Author Topic: Need access to neighbour's land to maintain gable wall.  (Read 19399 times)

Re: Need access to neighbour's land to maintain gable wall.
« Reply #25 on: 05 May, 2015, 07:29:54 am »
Glad to hear that you're getting there. Can the gate bit be done in a day, while people are about? (or does it take an age to dry?)
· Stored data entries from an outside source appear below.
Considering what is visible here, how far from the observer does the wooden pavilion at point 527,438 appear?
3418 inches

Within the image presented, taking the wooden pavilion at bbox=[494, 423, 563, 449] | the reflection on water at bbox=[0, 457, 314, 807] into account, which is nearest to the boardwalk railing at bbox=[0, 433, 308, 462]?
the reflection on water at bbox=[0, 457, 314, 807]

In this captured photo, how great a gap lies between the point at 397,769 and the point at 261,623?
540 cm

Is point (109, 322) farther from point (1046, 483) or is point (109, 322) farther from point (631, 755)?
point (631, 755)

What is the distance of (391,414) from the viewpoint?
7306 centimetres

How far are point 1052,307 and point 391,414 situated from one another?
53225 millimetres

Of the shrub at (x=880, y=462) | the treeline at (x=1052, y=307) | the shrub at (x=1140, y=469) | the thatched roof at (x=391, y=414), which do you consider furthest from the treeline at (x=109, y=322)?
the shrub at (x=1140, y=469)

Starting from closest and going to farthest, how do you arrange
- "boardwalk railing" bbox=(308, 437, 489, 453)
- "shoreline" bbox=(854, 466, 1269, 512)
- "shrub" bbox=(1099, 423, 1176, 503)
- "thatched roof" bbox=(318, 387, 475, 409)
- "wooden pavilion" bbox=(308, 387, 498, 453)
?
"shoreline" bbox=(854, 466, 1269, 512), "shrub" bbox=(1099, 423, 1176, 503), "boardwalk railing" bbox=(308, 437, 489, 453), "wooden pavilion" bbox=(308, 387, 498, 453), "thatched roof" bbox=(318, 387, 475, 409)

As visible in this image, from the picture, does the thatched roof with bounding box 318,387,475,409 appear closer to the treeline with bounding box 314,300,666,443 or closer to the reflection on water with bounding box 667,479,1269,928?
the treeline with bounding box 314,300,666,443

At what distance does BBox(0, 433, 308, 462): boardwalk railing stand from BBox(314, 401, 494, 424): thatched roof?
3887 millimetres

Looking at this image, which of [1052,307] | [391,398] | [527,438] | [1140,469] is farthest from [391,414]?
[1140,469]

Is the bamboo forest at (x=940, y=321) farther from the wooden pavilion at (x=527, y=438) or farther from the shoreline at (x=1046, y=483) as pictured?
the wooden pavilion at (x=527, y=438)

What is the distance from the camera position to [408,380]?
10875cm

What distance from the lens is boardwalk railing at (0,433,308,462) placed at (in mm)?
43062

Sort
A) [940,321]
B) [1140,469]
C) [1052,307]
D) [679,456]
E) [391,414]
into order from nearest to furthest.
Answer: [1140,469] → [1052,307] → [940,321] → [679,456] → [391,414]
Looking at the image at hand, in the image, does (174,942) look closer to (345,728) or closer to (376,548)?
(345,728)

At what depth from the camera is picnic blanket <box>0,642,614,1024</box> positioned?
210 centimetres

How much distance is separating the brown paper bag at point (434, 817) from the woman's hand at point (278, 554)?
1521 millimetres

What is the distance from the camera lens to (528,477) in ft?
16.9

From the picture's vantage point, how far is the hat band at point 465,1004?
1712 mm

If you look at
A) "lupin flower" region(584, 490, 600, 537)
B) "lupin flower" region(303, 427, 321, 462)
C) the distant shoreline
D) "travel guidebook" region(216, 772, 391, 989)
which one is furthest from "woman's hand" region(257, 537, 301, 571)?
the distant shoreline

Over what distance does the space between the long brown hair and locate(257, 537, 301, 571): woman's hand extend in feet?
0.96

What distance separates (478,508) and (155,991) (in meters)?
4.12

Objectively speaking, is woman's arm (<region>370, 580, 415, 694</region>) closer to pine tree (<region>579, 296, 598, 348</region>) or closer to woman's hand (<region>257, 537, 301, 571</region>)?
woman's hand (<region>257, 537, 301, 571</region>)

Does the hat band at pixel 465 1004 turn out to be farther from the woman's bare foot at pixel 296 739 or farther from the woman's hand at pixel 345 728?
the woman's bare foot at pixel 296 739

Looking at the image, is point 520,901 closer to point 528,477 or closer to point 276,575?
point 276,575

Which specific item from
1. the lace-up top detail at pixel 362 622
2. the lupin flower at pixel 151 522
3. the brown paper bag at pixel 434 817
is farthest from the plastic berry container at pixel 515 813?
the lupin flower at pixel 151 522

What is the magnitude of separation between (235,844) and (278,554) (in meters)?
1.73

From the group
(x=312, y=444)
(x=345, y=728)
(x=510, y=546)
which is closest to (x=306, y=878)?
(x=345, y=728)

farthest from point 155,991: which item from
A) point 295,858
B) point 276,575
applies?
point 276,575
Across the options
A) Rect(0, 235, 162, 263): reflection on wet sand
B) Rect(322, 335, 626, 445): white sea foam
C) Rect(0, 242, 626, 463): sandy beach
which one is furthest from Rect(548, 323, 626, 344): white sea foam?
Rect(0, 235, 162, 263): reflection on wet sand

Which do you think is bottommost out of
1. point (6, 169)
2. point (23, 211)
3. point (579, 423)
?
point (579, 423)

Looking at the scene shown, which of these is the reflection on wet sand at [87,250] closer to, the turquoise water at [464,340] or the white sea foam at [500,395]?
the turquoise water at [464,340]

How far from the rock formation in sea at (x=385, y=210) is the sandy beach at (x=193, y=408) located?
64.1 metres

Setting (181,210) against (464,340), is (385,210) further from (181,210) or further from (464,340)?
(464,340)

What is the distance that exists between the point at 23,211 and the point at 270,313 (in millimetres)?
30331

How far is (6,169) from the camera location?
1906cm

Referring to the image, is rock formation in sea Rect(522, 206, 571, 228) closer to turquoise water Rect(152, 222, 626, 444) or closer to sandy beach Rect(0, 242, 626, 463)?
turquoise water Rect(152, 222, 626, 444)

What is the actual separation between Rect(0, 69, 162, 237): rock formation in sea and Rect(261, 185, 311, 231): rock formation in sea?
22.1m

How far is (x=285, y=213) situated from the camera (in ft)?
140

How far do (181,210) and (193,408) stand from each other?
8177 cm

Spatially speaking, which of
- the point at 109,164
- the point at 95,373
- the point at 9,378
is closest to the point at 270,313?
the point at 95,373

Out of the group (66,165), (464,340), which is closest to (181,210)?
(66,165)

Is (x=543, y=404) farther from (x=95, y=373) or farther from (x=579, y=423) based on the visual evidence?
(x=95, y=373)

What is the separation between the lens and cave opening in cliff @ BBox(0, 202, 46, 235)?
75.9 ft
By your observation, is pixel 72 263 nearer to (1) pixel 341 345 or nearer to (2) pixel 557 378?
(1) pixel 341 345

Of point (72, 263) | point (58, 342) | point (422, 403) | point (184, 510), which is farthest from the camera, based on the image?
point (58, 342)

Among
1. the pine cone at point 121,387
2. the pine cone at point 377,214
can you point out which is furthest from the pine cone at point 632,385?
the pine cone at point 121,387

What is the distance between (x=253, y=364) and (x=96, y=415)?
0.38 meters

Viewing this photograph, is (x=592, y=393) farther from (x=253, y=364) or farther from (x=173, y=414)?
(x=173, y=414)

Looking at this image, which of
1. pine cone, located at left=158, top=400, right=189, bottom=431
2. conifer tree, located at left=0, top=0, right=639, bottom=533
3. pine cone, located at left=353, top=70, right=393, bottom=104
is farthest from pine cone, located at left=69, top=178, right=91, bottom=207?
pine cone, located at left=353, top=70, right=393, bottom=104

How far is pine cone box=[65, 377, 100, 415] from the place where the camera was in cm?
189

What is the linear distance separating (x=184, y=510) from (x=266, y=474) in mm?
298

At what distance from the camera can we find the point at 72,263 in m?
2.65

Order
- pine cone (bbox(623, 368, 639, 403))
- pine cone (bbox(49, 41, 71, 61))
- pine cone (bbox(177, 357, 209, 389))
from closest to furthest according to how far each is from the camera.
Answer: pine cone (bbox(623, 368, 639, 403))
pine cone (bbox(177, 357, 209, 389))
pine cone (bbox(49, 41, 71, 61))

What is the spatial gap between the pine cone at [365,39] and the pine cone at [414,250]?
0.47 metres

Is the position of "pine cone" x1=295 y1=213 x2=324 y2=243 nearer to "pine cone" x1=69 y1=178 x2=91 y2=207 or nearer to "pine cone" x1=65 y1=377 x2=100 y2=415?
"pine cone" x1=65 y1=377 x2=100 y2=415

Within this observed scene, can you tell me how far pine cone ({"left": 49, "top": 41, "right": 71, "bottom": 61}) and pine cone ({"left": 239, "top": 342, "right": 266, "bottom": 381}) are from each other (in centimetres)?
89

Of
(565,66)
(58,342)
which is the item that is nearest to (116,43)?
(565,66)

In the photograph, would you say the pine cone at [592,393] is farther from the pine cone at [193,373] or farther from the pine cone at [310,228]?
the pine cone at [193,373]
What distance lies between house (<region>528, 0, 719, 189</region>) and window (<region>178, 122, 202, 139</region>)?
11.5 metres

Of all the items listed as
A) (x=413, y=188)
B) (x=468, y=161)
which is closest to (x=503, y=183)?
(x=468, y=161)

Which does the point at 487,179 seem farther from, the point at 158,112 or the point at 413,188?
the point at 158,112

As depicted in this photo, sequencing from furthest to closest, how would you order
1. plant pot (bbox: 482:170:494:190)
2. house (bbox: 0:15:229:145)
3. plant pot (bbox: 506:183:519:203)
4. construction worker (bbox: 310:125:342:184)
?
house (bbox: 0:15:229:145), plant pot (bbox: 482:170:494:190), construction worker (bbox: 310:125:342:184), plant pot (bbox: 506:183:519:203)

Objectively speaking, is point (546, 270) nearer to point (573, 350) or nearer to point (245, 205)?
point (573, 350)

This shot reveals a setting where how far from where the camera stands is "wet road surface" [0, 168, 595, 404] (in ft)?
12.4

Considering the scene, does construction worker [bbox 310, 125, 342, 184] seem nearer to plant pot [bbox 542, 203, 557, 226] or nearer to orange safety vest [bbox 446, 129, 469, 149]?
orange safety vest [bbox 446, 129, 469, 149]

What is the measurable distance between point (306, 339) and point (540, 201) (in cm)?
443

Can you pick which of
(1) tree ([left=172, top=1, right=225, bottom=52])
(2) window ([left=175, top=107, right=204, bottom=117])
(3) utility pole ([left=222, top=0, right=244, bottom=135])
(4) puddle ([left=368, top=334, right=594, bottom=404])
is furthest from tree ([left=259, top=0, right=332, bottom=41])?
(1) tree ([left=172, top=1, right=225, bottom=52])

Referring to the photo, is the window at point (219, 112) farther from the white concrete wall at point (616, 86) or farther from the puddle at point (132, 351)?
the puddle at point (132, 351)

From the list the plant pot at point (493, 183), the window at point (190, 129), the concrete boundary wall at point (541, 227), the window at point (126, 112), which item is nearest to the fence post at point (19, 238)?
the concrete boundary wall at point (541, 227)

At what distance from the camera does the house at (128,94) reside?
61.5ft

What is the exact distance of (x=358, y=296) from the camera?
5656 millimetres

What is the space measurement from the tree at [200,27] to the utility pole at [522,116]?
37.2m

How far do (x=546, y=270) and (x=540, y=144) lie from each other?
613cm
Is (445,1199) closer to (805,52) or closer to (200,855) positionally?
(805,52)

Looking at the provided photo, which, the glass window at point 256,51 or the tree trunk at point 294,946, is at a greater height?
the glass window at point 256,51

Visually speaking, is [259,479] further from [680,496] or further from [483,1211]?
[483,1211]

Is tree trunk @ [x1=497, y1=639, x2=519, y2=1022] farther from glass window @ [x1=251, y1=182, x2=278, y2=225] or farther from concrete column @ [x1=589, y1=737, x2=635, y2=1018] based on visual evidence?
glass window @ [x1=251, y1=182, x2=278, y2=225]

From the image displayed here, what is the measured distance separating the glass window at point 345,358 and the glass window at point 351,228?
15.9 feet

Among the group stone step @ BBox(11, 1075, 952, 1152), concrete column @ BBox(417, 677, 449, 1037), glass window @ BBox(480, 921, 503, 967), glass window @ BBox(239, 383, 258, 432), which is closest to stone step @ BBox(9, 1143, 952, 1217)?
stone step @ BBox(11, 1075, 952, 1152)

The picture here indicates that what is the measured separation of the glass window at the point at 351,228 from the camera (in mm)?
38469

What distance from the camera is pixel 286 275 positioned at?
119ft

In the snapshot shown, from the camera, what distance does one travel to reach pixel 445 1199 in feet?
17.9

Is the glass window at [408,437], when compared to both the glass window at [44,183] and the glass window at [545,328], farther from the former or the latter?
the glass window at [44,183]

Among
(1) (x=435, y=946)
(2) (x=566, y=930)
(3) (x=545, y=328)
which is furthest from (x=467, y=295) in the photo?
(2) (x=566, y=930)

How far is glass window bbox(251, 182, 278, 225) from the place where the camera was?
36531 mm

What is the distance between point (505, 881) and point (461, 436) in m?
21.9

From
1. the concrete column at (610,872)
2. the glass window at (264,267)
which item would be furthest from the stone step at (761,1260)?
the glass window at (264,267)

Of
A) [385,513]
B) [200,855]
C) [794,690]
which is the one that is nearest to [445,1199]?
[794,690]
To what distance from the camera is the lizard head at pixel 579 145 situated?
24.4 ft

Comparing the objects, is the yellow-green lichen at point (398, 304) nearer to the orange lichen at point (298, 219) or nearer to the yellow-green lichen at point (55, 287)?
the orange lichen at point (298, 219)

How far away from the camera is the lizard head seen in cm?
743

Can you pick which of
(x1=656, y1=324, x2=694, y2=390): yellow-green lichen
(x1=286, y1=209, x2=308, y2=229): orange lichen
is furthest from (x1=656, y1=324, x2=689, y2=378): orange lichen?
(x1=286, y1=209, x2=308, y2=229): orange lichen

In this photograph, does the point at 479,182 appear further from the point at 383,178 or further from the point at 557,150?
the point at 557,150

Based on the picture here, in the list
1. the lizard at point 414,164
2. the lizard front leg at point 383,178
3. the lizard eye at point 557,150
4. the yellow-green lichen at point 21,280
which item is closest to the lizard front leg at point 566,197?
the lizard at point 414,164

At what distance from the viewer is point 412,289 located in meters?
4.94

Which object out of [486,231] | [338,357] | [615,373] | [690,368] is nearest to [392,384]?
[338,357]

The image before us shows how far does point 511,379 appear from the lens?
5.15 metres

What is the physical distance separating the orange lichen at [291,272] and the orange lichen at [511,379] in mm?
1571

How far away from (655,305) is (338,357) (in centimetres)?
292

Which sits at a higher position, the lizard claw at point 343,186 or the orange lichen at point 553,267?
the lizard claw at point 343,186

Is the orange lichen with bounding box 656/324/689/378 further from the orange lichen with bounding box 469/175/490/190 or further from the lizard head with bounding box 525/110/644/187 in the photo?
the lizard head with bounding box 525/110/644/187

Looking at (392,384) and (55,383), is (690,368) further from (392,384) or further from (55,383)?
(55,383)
Maybe throw in some bedtime reading to take her mind off the worry?
http://www.amazon.co.uk/Crimewatch-U-K-Nick-Ross/dp/0340405414/

Re: Need access to neighbour's land to maintain gable wall.
« Reply #26 on: 05 May, 2015, 11:12:04 am »
Maybe these are people who've their minds warped by excessive doses of tabloid scare stories.
Move Faster and Bake Things

Re: Need access to neighbour's land to maintain gable wall.
« Reply #27 on: 05 May, 2015, 11:26:09 am »
Would it be possible to hang the gate on the other side (their side) to resolve the problem of rendering your wall (and your builder is correct, rendering around the gate is not the best  way to do things if it can be helped).  The gate wouldn't have anything to shut against while the wall was being done, but it should be fairly easy to bodge up something to make it look like it was secure.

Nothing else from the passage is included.